Across America, there are pockets of poverty, communities that have been left behind or deprived of the basics needed to develop, like Pembroke Township, a small community south of Chicago along the Indiana border. In this community, one-third of the families live below the poverty line. It is one of the poorest communities in the country, with a median income that is among the lowest.

In the 1860s, newly freed slaves — Freedmen — settled into the rich farmland of the region. It was a land of promise and opportunity. During the Great Migration and the Great Depression, waves of black farmers settled here. Land was still available for black farms in part because much of it was seen as marginal.

The land is so bad, the joke became, as Rev. Hezekiah Brady Jr., reported, “you can’t raise hell on it.”

Today, the residents of Pembroke Township are denied the hope that their ancestors once held. In Pembroke, residents lack heat and access to basic necessities. They are the victims of economic violence in many ways. They can’t develop basic infrastructure without capital investment. Investment won’t come without basic infrastructure. They face a Catch 22 all too familiar to poor communities in this country.

In recent months, this has begun to change for the 2,100 residents of Pembroke. Wi-Fi has come to the community. Now Nicor Gas is joining with local officials trying to work out a plan to bring natural gas to Pembroke. A secure source of energy would help kickstart other development — and in turn create jobs and generate hope.

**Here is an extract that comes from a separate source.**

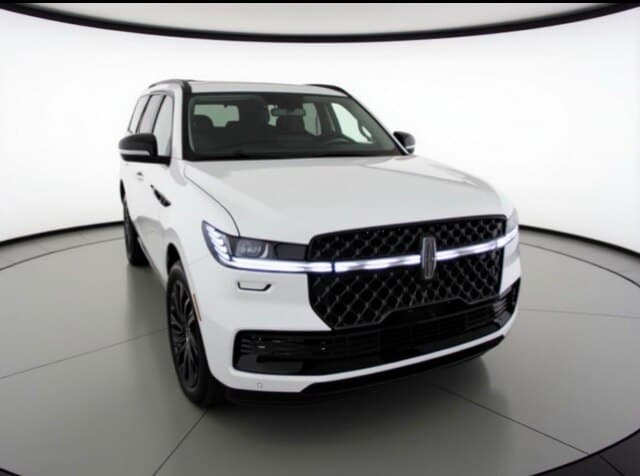 2025 Lincoln Navigator Black Label's photo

To bring energy to Pembroke will require regulatory changes, millions in investment and support from the business community, the residents of Pembroke, the state of Illinois and the U.S. Department of Agriculture. Nicor has made a serious commitment. Now it is time to turn up the heat on the others to ensure that the residents of Pembroke have heat.

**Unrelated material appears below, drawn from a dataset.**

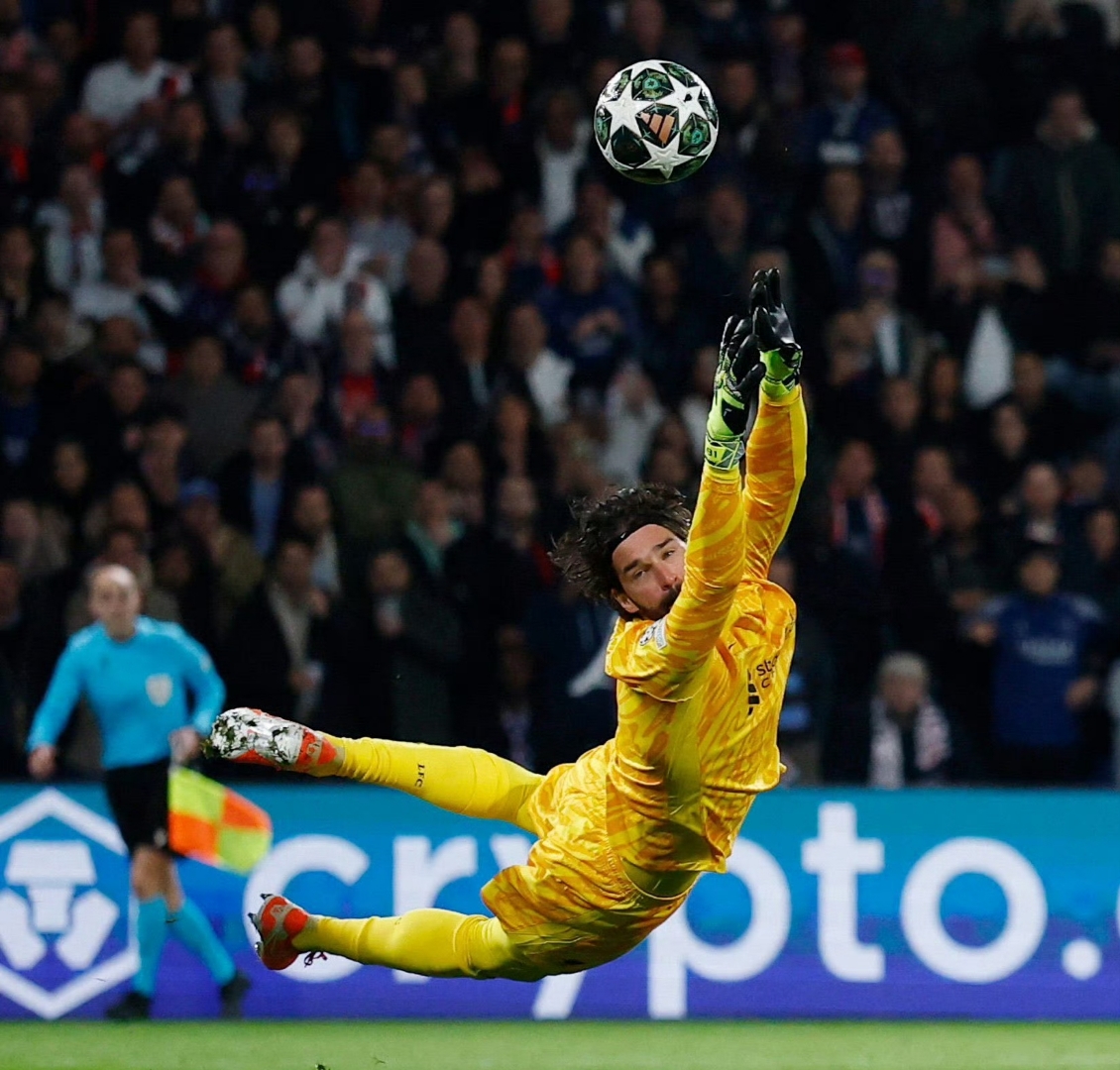  里程碑夜！塞维利亚防线松动，中超今晚刷纪录，媒体盛赞，年轻球员得到机会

Dr. Martin Luther King always envisioned the civil rights struggle in three different movements or phases. First would come basic civil rights, the end of segregation. The Supreme Court and the Civil Rights Act of 1965 helped achieve that. Then came political rights: The Voting Rights Act helped move toward that. It wasn’t just African Americans who profited, but women, young people and other minorities all made great strides to equal justice.

The final movement, which Dr. King knew would be the most difficult, was the movement for economic justice. Sadly, the war on poverty that was making great strides was lost in the jungles of Vietnam, and then abandoned under Ronald Reagan in 1980.

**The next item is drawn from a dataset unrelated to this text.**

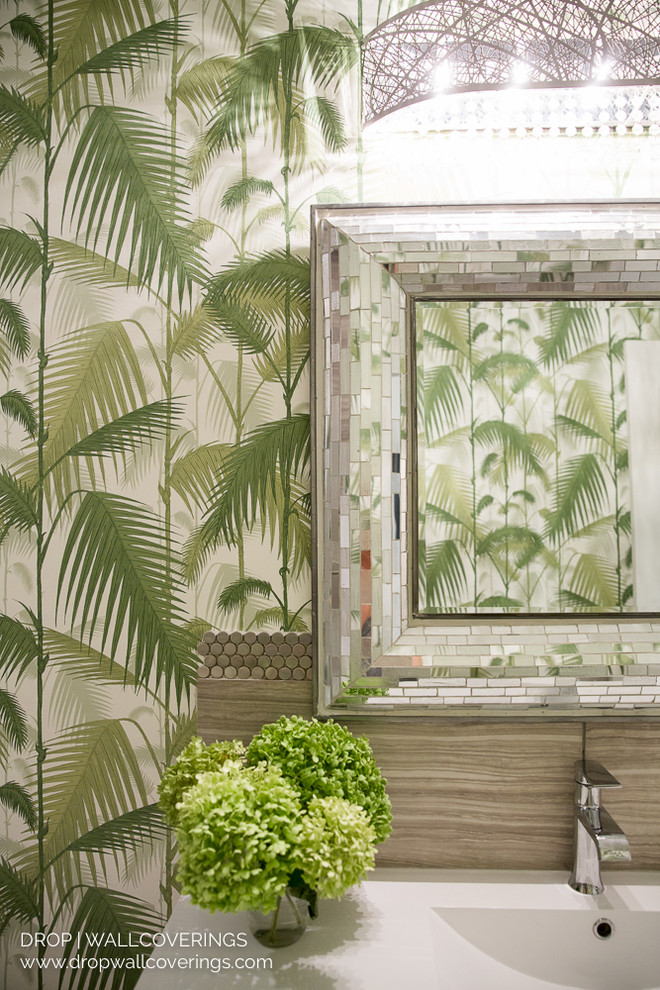 Bild på ett litet tropiskt badrum med dusch, med släta luckor, skåp i ljust trä, ett badkar i en alkov, en toalettstol med separat cisternkåpa, grå kakel, porslinskakel, gröna väggar, ett integrerad handfat och bänkskiva i kvarts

Now, as America suffers extreme inequality, a declining life expectancy, rising deaths of despair — from alcohol, or drugs or suicide — we need a new push for economic justice. It should focus on the pockets of poverty like Pembroke. It must engage the efforts of private enterprise and public and private resources.

Keystone legislation like that proposed by Rep. James Clyburn, D-S.C., that would target federal spending to the communities that have been mired in poverty for decades, joining the urban and the rural poor, across regional and racial lines, as the focus for new energy and new hope.

What’s clear is that our current course won’t do it. Unemployment is low, but poor urban and rural communities still have not recovered. Communities like Pembroke won’t recover without focused energy.

As Dr. King taught us, that will happen only if citizens organize and lead the way.

Jesse Jackson is the founder of Rainbow/PUSH.